(Short descriptive text snippets)

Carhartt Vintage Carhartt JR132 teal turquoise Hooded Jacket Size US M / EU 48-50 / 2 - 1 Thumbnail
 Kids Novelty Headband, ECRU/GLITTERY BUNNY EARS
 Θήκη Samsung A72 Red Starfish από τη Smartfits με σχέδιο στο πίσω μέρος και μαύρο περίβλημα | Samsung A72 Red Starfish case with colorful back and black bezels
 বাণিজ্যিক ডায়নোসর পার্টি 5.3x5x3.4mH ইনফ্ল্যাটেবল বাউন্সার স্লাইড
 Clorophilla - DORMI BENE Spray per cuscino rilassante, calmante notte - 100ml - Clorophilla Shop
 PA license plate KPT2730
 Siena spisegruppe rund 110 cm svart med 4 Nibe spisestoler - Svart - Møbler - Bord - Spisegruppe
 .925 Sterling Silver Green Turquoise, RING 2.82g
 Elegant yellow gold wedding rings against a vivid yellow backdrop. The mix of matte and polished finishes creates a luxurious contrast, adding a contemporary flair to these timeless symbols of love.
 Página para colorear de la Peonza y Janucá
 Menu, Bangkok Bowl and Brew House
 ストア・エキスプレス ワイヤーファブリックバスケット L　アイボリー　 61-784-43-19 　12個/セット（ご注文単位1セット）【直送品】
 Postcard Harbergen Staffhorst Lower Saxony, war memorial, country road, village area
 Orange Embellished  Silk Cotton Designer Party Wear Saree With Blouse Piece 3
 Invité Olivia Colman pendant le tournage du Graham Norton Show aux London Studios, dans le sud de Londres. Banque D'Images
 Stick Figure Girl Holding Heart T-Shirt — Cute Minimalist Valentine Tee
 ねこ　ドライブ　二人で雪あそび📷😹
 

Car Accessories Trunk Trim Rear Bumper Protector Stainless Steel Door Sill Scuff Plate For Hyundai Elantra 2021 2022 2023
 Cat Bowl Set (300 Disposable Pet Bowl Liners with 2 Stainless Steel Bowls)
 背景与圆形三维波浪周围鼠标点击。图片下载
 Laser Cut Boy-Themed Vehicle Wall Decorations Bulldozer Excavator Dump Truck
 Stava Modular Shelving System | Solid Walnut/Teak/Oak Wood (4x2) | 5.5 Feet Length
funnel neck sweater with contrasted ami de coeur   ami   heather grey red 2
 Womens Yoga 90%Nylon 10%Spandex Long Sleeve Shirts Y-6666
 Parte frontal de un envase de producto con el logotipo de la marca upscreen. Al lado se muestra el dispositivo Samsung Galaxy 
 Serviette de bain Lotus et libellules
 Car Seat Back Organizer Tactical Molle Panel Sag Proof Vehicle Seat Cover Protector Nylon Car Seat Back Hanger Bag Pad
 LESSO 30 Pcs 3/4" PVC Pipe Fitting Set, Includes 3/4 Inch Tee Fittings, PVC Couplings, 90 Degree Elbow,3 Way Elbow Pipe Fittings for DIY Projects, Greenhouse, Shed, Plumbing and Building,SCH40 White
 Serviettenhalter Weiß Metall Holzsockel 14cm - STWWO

» How to complete this task:
Return exactly the lines above from the line that has "Blouse Piece 3" through the line that has "Parte frontal de", inclusive, and nothing else.

» Final answer:
 Orange Embellished  Silk Cotton Designer Party Wear Saree With Blouse Piece 3
 Invité Olivia Colman pendant le tournage du Graham Norton Show aux London Studios, dans le sud de Londres. Banque D'Images
 Stick Figure Girl Holding Heart T-Shirt — Cute Minimalist Valentine Tee
 ねこ　ドライブ　二人で雪あそび📷😹
 

Car Accessories Trunk Trim Rear Bumper Protector Stainless Steel Door Sill Scuff Plate For Hyundai Elantra 2021 2022 2023
 Cat Bowl Set (300 Disposable Pet Bowl Liners with 2 Stainless Steel Bowls)
 背景与圆形三维波浪周围鼠标点击。图片下载
 Laser Cut Boy-Themed Vehicle Wall Decorations Bulldozer Excavator Dump Truck
 Stava Modular Shelving System | Solid Walnut/Teak/Oak Wood (4x2) | 5.5 Feet Length
funnel neck sweater with contrasted ami de coeur   ami   heather grey red 2
 Womens Yoga 90%Nylon 10%Spandex Long Sleeve Shirts Y-6666
 Parte frontal de un envase de producto con el logotipo de la marca upscreen. Al lado se muestra el dispositivo Samsung Galaxy 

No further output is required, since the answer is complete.